Participle clauses

Participle clauses

Do you know how to use participle clauses to say information in a more economical way? Test what you know with interactive exercises and read the explanation to help you.

Look at these examples to see how participle clauses are used.

Looked after carefully, these boots will last for many years.
Not wanting to hurt his feelings, I avoided the question. 
Having lived through difficult times together, they were very close friends.

Try this exercise to test your grammar.

Grammar test 1

Grammar B1-B2: Participle clauses: 1

Read the explanation to learn more.

Grammar explanation

Participle clauses enable us to say information in a more economical way. They are formed using present participles (going, reading, seeing, walking, etc.), past participles (gone, read, seen, walked, etc.) or perfect participles (having gone, having read, having seen, having walked, etc.). 

We can use participle clauses when the participle and the verb in the main clause have the same subject. For example,

Waiting for Ellie, I made some tea. (While I was waiting for Ellie, I made some tea.)

Participle clauses do not have a specific tense. The tense is indicated by the verb in the main clause. 

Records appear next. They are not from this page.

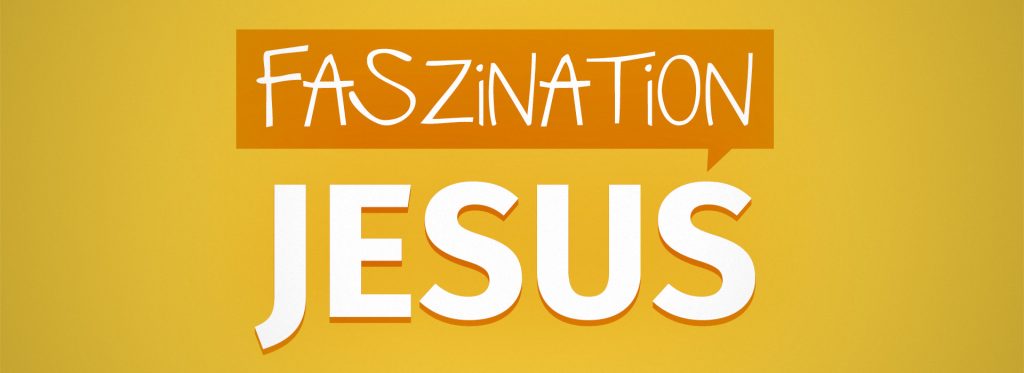 Jesus ist das Ende aller Verurteilung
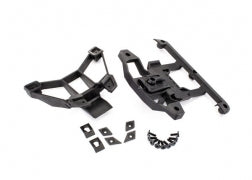 Body Mounts (Front/Rear)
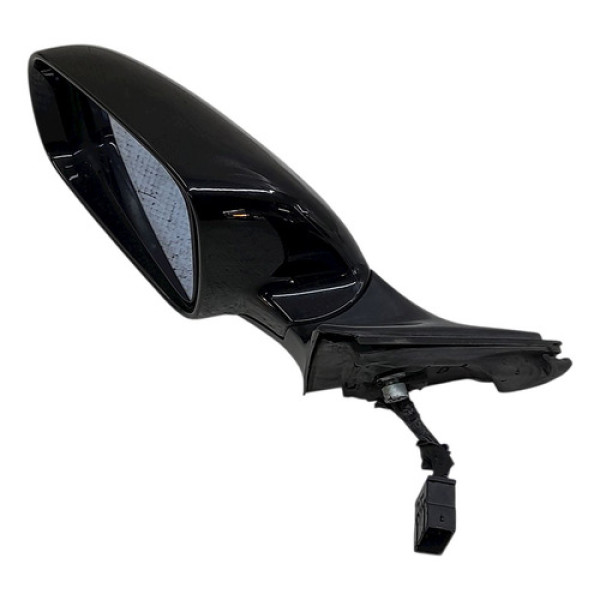 Retrovisor Esquerdo Audi A3 1.8 T  1998 V1740 - P38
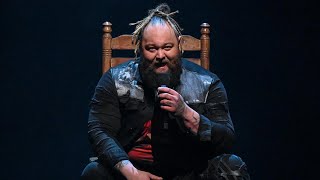 Does Bray Wyatt Need A Gimmick Change?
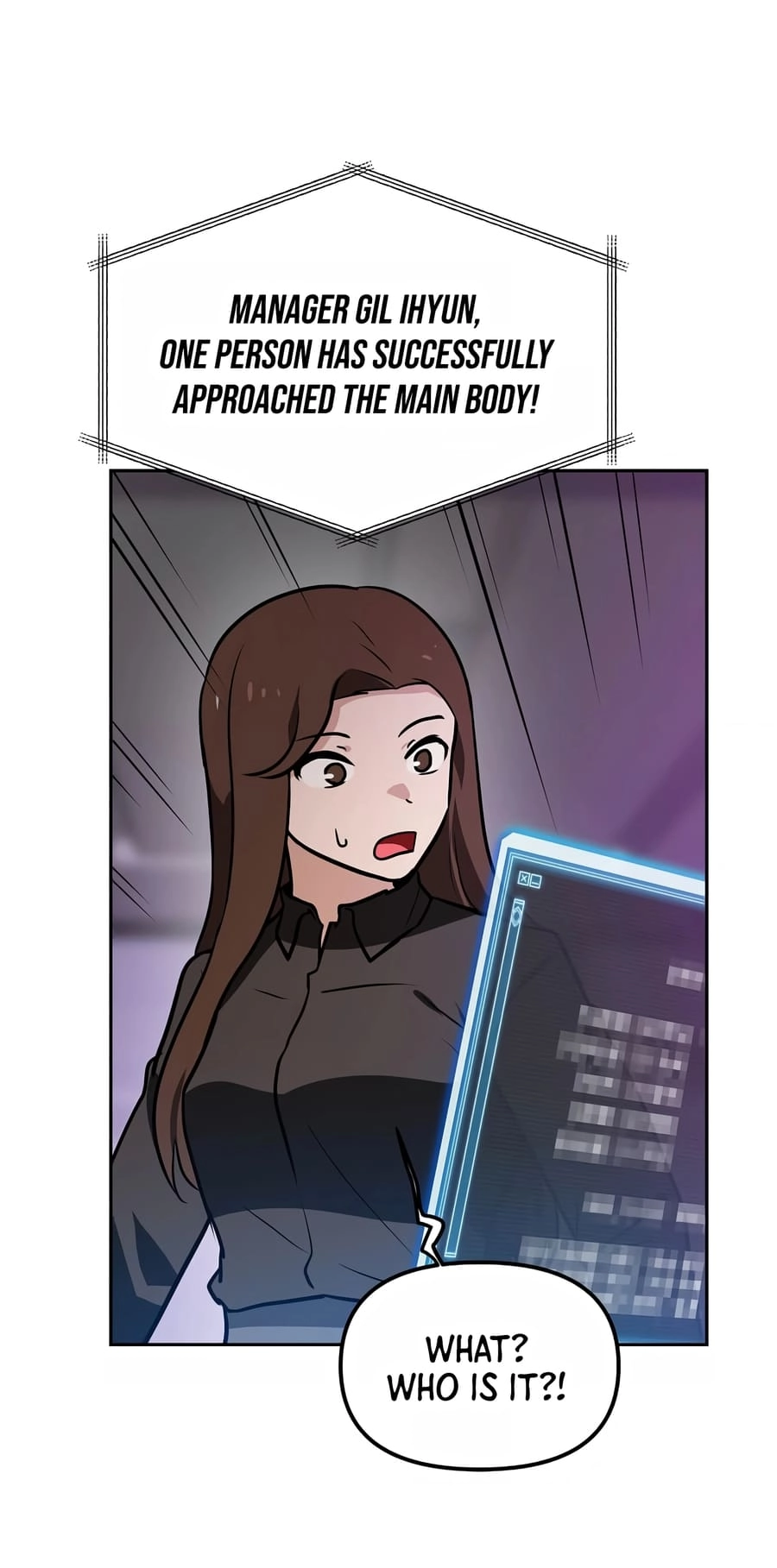 I Have Max Level Luck Chapter 81 Page 49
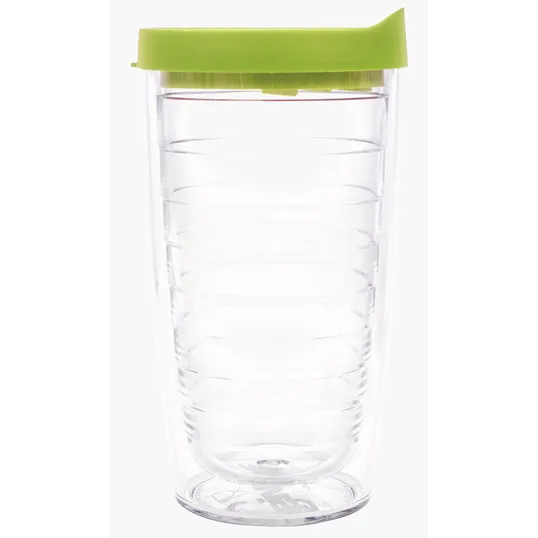 Tervis® Classic Tumbler with Enhanced Embroidered Emblem, 16 oz. — view 18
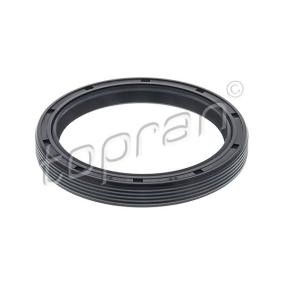 Achetez des Bague d'étanchéité, roulement de roue TOPRAN 103 265 à prix pour 5,04 €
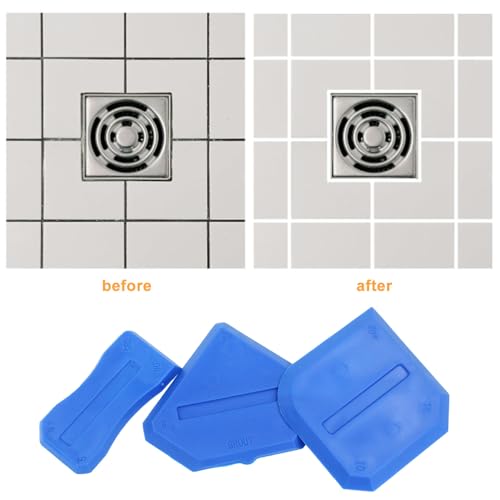 Waziaqoc 12 PCS Caulking Tool Kit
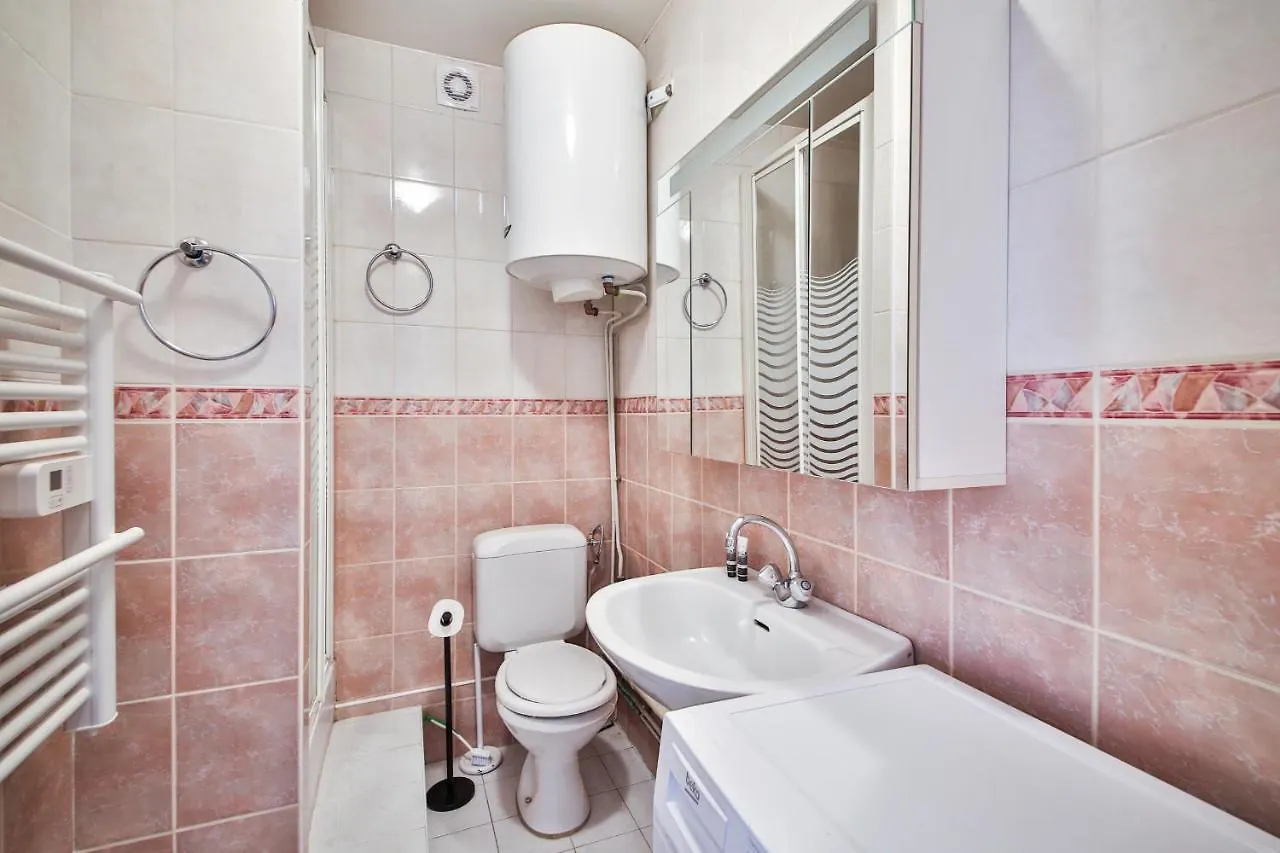 32#Studio 2Pers#Sevres-Lecourbe#Necker Parigi 0*,  Francia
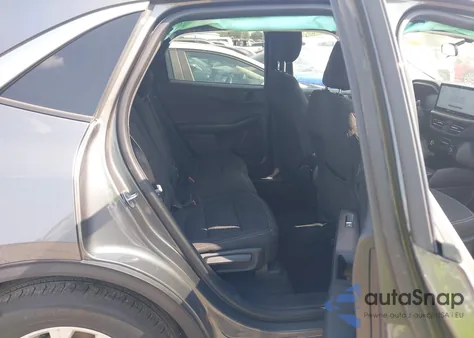 2024 Ford Escape Active из США, поврежденный, VIN 1FMCU9GNXRUA22631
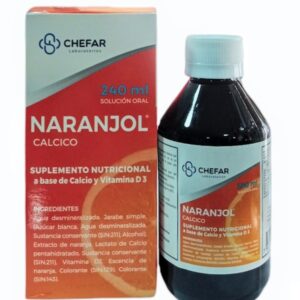 NARANJOL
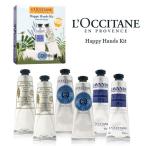 ���������� L��OCCITANE �ϥåԡ� �ϥ�ɥ��å� �ϥ�ɥ��꡼�� 6�ܥ��å� ���� ��٥�������å��� �������٥ʥ����� �ʹ��/�������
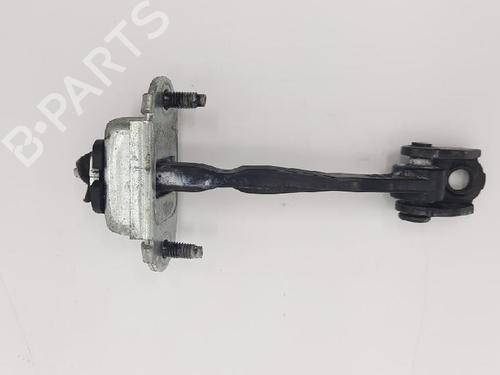 Hinge/Door check strap FORD FUSION (JU_) 1.6 TDCi | BP27942551C146 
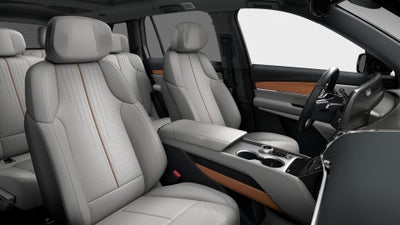 2027 Cadillac VISTIQ Base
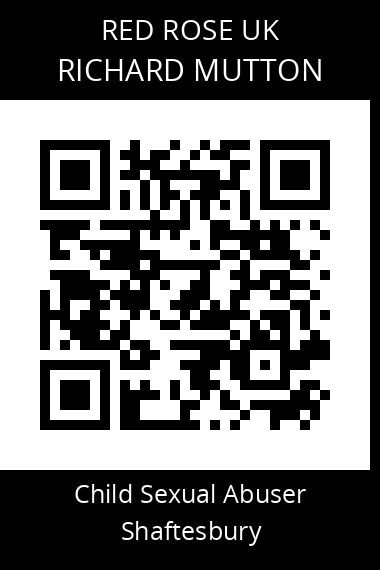 QR code for richard-mutton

Participle clauses are mainly used in written texts, particularly in a literary, academic or journalistic style. 

Present participle clauses

Here are some common ways we use present participle clauses. Note that present participles have a similar meaning to active verbs. 

  • To give the result of an action
    The bomb exploded, destroying the building.
  • To give the reason for an action
    Knowing she loved reading, Richard bought her a book.
  • To talk about an action that happened at the same time as another action
    Standing in the queue, I realised I didn't have any money.
  • To add information about the subject of the main clause
    Starting in the new year, the new policy bans cars in the city centre.

Past participle clauses

Here are some common ways that we use past participle clauses. Note that past participles normally have a passive meaning.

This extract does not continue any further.